Seminar: Wednesday, February 19, 2020, Ziliang Ye

TITLE:                        Optical control of valley pseduospin in 2D semiconductors

SPEAKER:                  Dr. Ziliang Ye, University of British Columbia 

DATE:                         February 19, 2020

TIME:                         2:00 – 3:00 pm

LOCATION:                EOW 430

Abstract: Valley polarization associated with the occupancy in energy degenerate but quantum mechanically distinct valleys in the momentum space resembles spin polarization in many regards, including the valley magnetic moment, optical selection rule, and valley hall effect. Monolayer transition metal dichalcogenides (TMDs) with broken inversion symmetry can host robust valley polarization and therefore become an important platform for studying valley related physics. We demonstrated that the valley polarization in the TMD can not only be initialized and measured but also be manipulated coherently by light. [1] Ultrafast valley pseudospin rotation was achieved by leveraging the intense electric field in the fs laser pulse. Both the direction and speed of rotation can be controlled by fine-tuning the dynamic phase difference between the exciton wavefunction in opposite valleys. The pseudospin rotation was reflected in the shift of the photoluminescence polarization direction. By varying the time delay between the excitation and control pulses, we were able to directly probe the lifetime of the intervalley coherence in monolayer WSe2. In addition, I will discuss how the lifetime of TMD excitons can be significantly improved by the hexagonal boron nitride encapsulation, which allows us to observe both neutral and charged biexciton species with non-trivial spin-valley configurations. [2]

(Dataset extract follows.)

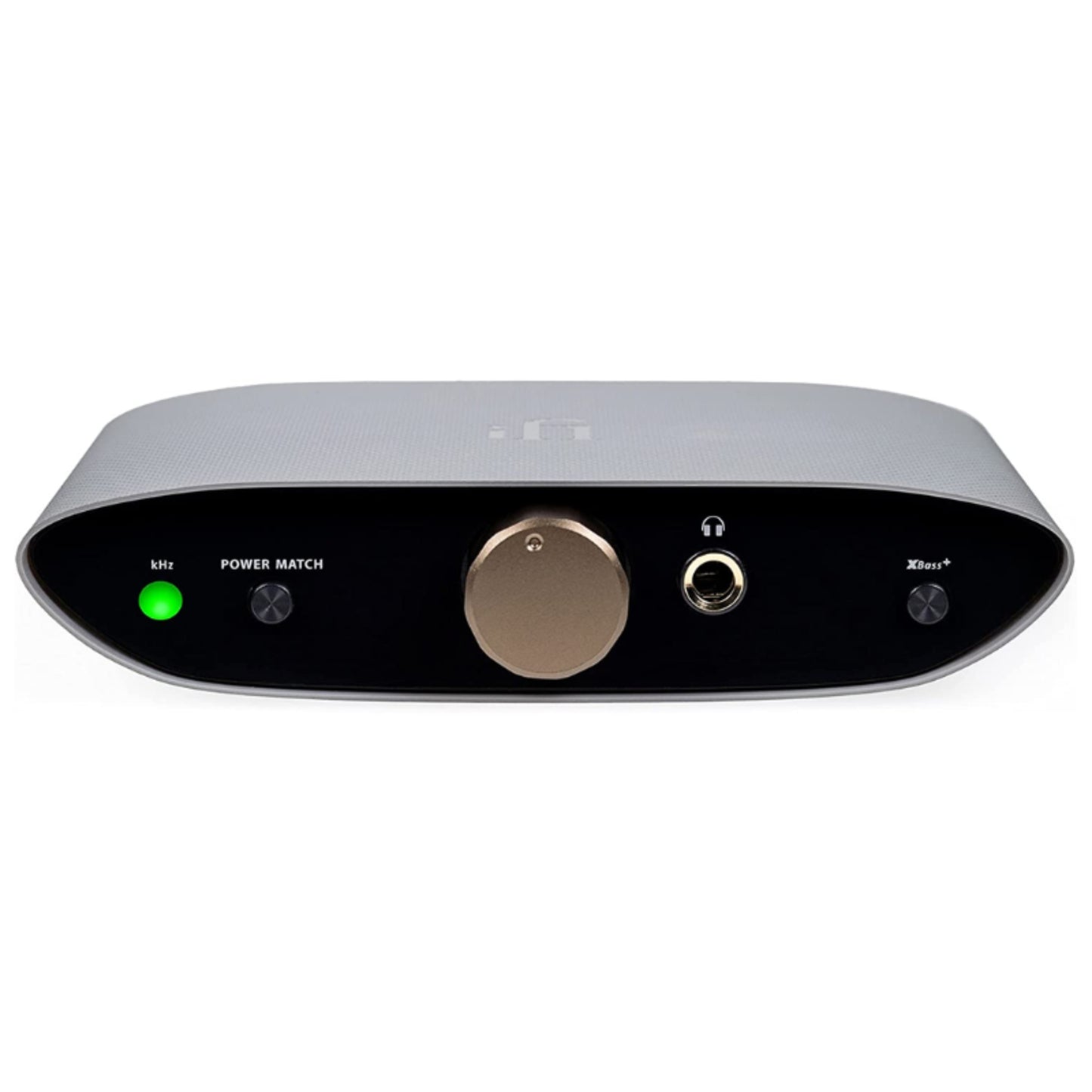 ifi audio zen air dac front view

[1] Z. Ye, D. Sun, T. F. Heinz, Nature physics, 13 26 (2017)

[2] Z. Ye, et al., Nature communications, 9 3718 (2018)

Bio: Ziliang Ye got his physics bachelor at Fudan University and PhD at UC Berkeley with Prof. Xiang Zhang. Since 2014, he was a postdoc with Prof. Tony Heinz at Columbia University, and later moved with the group to Stanford University, department of applied physics. In December 2017, he joined the physics and astronomy department in UBC as an assistant professor, where he also holds a tier II Canada research chair and is a member of Stewart Blusson Quantum Matter Institute. His research interest includes ultrafast optical spectroscopy, nearfield optics, and nanophotonic devices, with an emphasis on two-dimensional van der Waals materials such as graphene and transition metal dichalcogenides.